We tested our hypothesis that online social behavior, in the form of posts, follows principles of reward learning theory in four independent social media datasets (see Methods) (total NObs = 1,046,857, NUsers = 4,168) with computational modeling. These datasets came from four distinct social media platforms, where people post pictures and, in response, receive social reward in the forms of “likes.” In Study 1 (NUsers = 2,039), we tested our hypothesis in a large dataset of Instagram posts30 (average number of posts per individual = 418, see Supplementary Table 1 for additional descriptive statistics). Instagram exemplifies modern social media, with over 1 billion registered users, and its format—focused primarily on simple postings and the receipt of likes as feedback—makes it a unique case study. However, because there are significant economic motives on Instagram and similar platforms31, an assessment of reward learning on Instagram could be limited to some extent by the possibility of fraudulent accounts and “fake likes,” among other strategic uses32. We therefore replicated and extended Study 1 in Study 2 (NUsers = 2,127) with data from three different topic-focused social media sites (discussion forums focused on Men’s fashion, Women’s fashion, and Gardening, see Methods), where economic motives are less likely (average number of posts per individual = 91, see Supplementary Table 1 for descriptive statistics). Finally, we conducted an online experiment (Study 3, NParticipants = 176), designed to mimic key aspects of social media platforms, in which we manipulated the social reward rate to verify its causal impact on response latencies.

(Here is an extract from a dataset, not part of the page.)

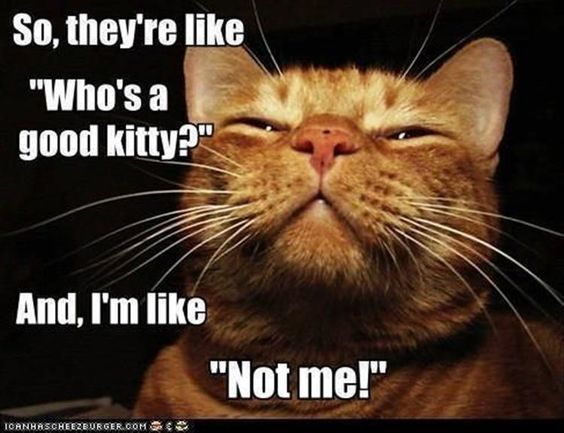 Cat Humor #8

We conceptualized the act of posting on a social media platform (e.g., Instagram) as free-operant behavior in a Skinner box with one response option (e.g., a single lever), where responses are followed by reward (i.e., likes). As outlined, a key prediction from learning theory for such situations, in which the agent can decide when to respond, is that the latency between responses should be affected by the average rate of rewards28,29. Before formally testing our computational hypothesis, we evaluated, in two complementary and model-independent ways, whether social media behavior was sensitive to social rewards.

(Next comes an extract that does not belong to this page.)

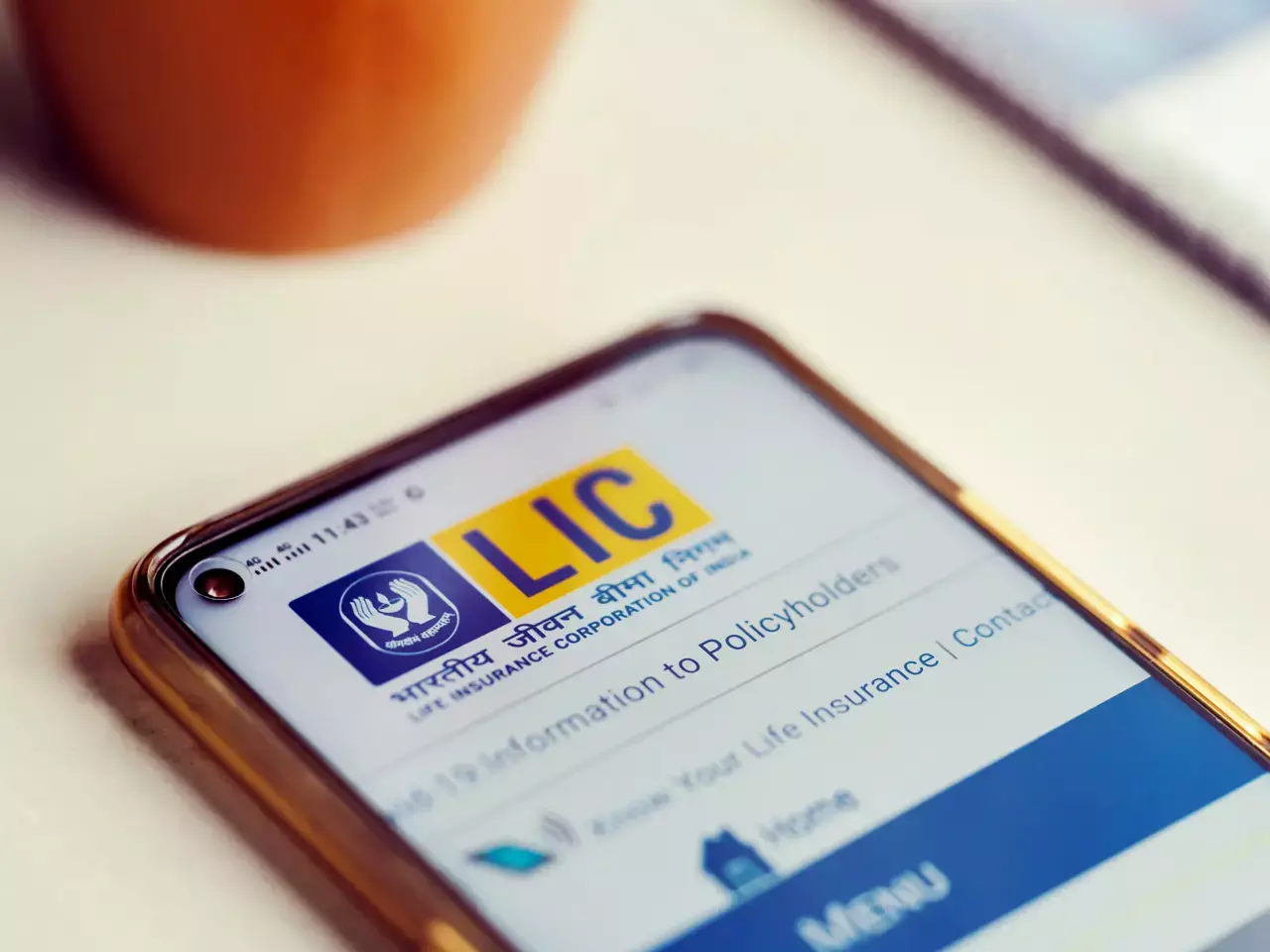 lic was the biggest gainer in market value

First, we drew inspiration from classic work in animal learning theory, which established that response rates, an aggregate measure of response latency, typically follow a saturating positive (i.e., hyperbolic) function of reward rates28. This relationship, known as the quantitative law of effect28, is a signature of reward driven behavior (especially on interval schedules of reinforcement28). To directly test whether social media behavior exhibits this pattern, we compared how well a hyperbolic function explained the relationship between likes and response rates relative to a linear function (Supplementary Note 1). We found that the “quantitative law of effect” explained behavior better than a linear relationship in all four social media datasets (mean R2: Study 1 = 0.43, Study 2: = 0.37, see Supplementary Note 1), demonstrating that an aggregate measure of response latencies on social media exhibits a classic signature of reward learning28.

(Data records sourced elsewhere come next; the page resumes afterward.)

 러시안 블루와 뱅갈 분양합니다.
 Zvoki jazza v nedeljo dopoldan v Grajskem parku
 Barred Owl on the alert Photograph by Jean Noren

Second, we defined a high resolution measure of response latency (τPost) as the time between two successive social media posts (similar to the interval between responses in human laboratory tasks and in animal free-operant behavior, see Fig. 1), and tested whether τPost was predicted by the history of likes using Granger causality analysis (see Methods). Granger causality is established if a variable (e.g., likes) improves on the prediction of a second variable (e.g., τPost) over and above earlier (lagged) values of the second variable in itself. To ascertain the selectivity of this method, we first applied it to simulated data from generative models where the ground truth was known (causality or no causality). We then fine-tuned the analysis parameters (the lag number, see Supplementary Note 2) to reliably detect Granger causality in data simulated from our reward learning model, which we introduce next, but not from models without learning (in which likes are unrelated to behavior, see Supplementary Note 2). Applying this optimized analysis method to the empirical data showed that likes Granger-caused τPost in all four datasets (Study 1: Z̃ = 23.65, p < 0001; Study 2: Men’s Fashion: Z̃ = 3.94, p < 0001; Women’s Fashion: Z̃ = 14.16, p < 0001; Gardening: Z̃ = 6.78, p < 0001). Together, these results demonstrate that the history of social rewards (i.e., likes) influenced both the rate and the time distribution of social media posting. Such reward sensitivity is a minimal criterion for more formally testing the explanatory power of learning theory.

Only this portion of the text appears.